- _Exercise requirements_: Drop every image and restate the entries below word for word.

BEGIN Information provided

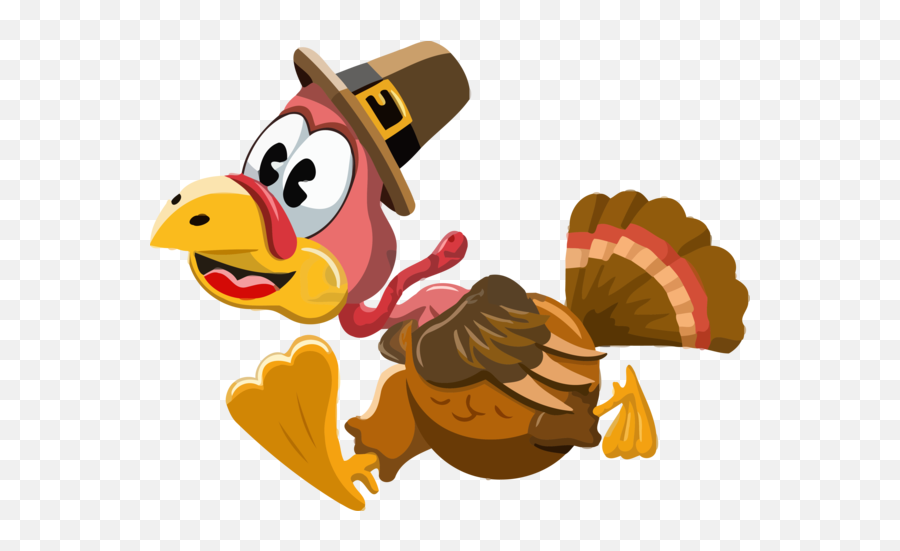 Thanksgiving Cartoon Turkey Animation For Thanksgiving Emoji,Turkey Cartoon Png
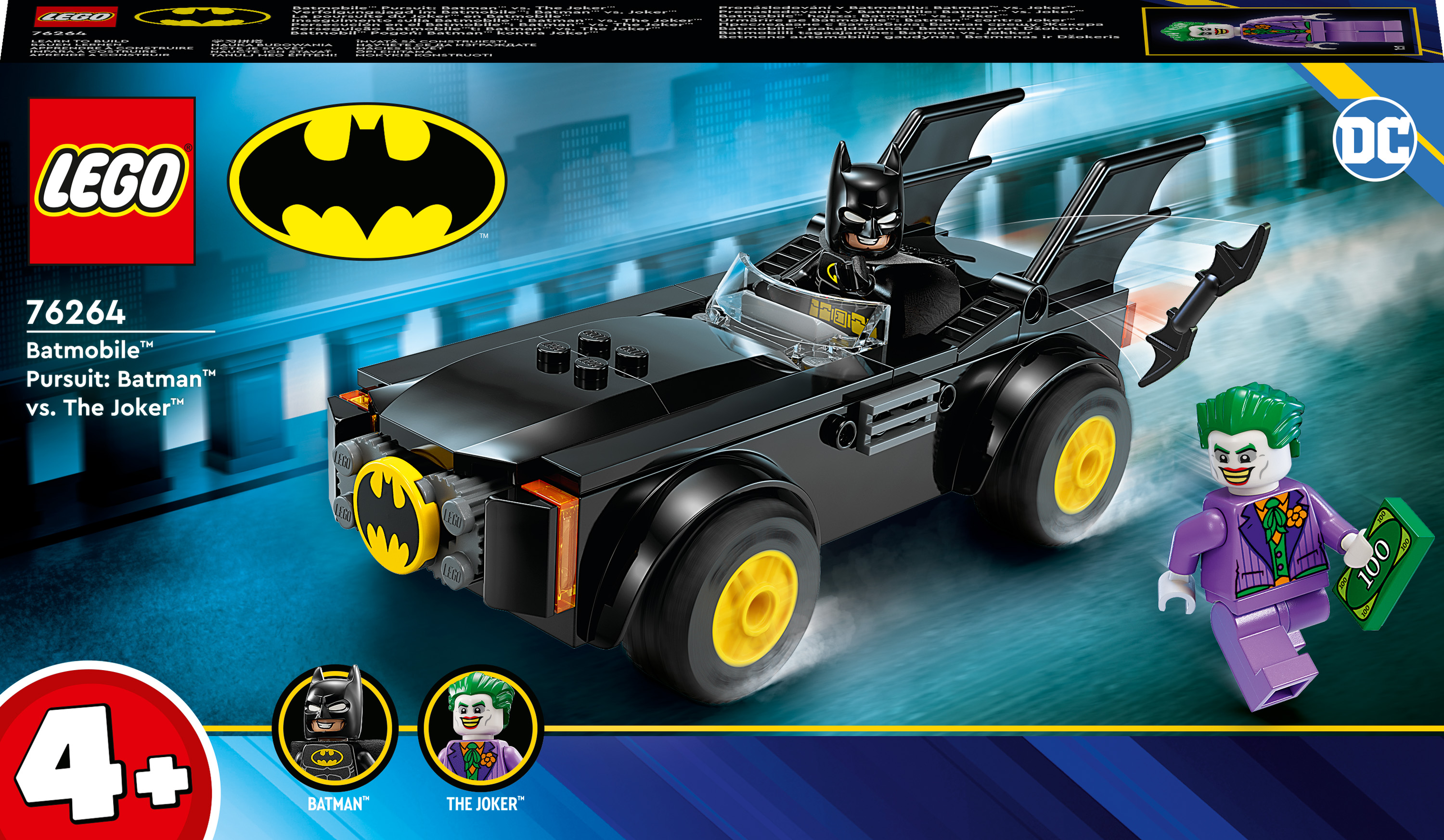 Акція на Конструктор LEGO DC Batman Погоня на Бетмобілі: Бетмен проти Джокера (76264) від Будинок іграшок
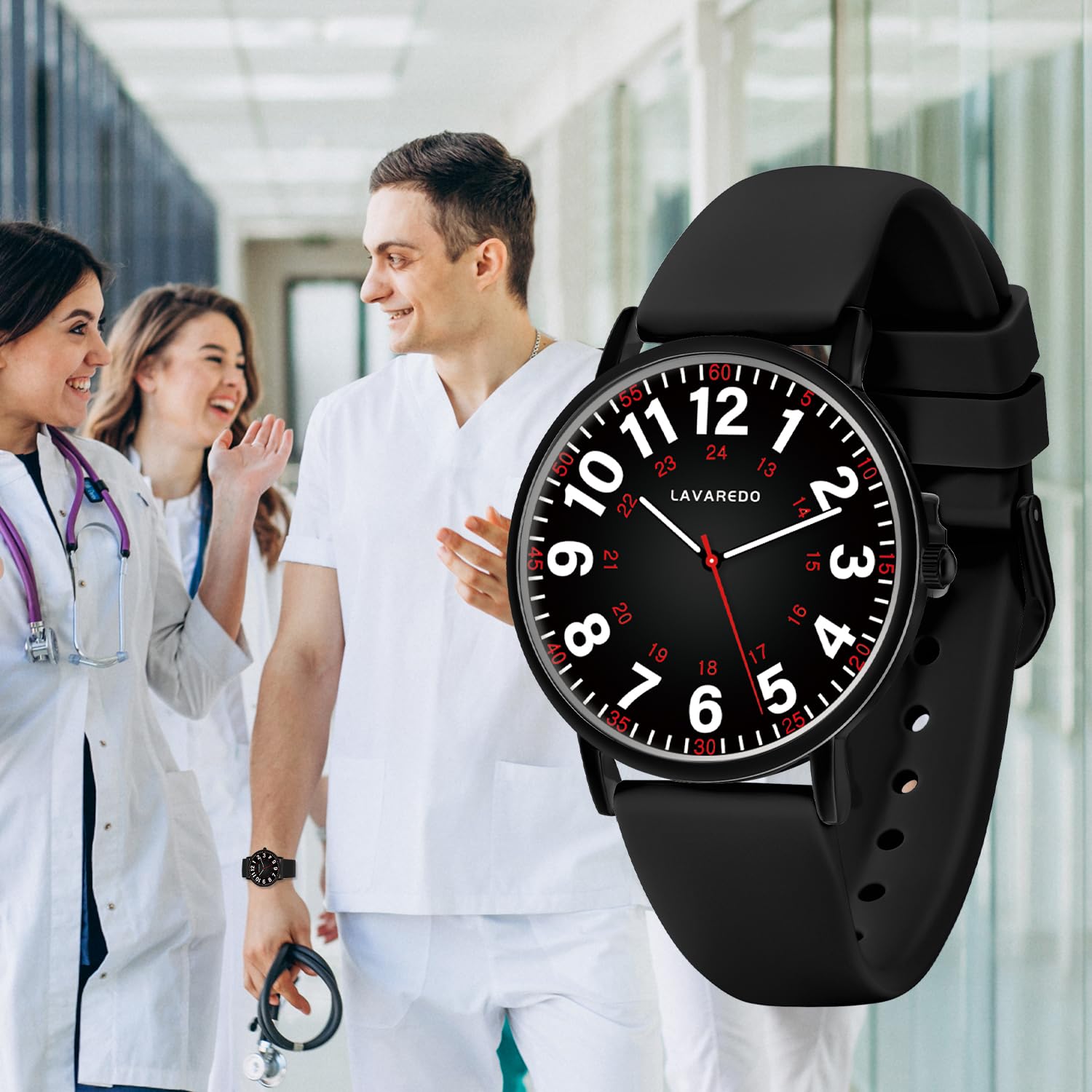 Foto 7 pulgar | Reloj Bomieux Nurse Watch Impermeable Para Enfermeras Y Médicos - Venta Internacional.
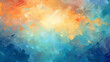 hand painted canvas abstract background in impressionism painting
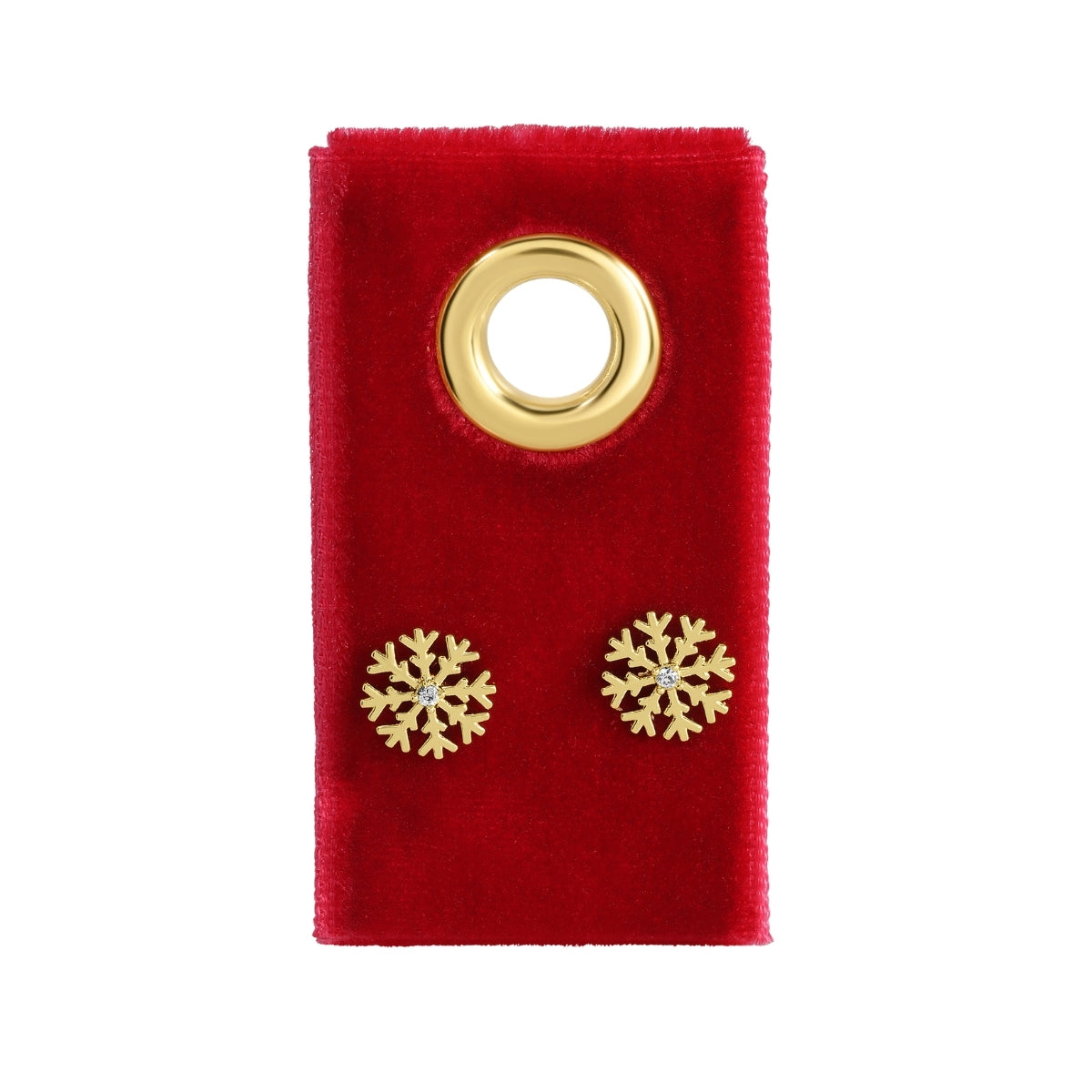 Snowflake Studs on Velvet Tag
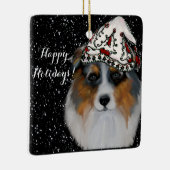 Australian Shepherd Keramisch Ornament (Rechts)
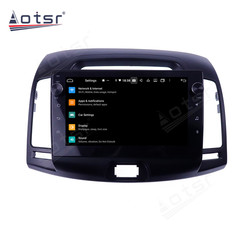 Autoradio Android, 4 go/128 go, navigation GPS, 2din, lecteur multimÃ©dia stÃ©rÃ©o, unitÃ© centrale, enregistreur cassette, pour voiture Hyundai Elantra 4 HD (2008 â€“ 2010) small picture n° 6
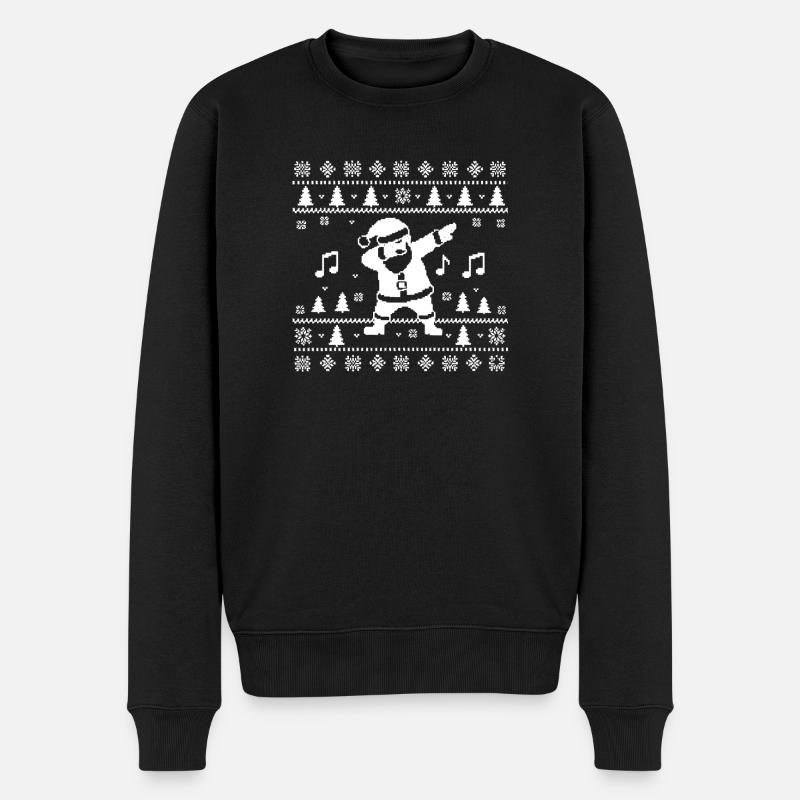 Ugly Dabbing Noël Design Noël - Pull Premium bio Homme - noir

END Information provided

- _Response to this exercise_:
 Thanksgiving Cartoon Turkey Animation For Thanksgiving Emoji,Turkey Cartoon Png
 Акція на Конструктор LEGO DC Batman Погоня на Бетмобілі: Бетмен проти Джокера (76264) від Будинок іграшок
 Foto 7 pulgar | Reloj Bomieux Nurse Watch Impermeable Para Enfermeras Y Médicos - Venta Internacional.
 hand painted canvas abstract background in impressionism painting
 Snowflake Studs on Velvet Tag
 Australian Shepherd Keramisch Ornament (Rechts)
 Autoradio Android, 4 go/128 go, navigation GPS, 2din, lecteur multimÃ©dia stÃ©rÃ©o, unitÃ© centrale, enregistreur cassette, pour voiture Hyundai Elantra 4 HD (2008 â€“ 2010) small picture n° 6
 Ugly Dabbing Noël Design Noël - Pull Premium bio Homme - noir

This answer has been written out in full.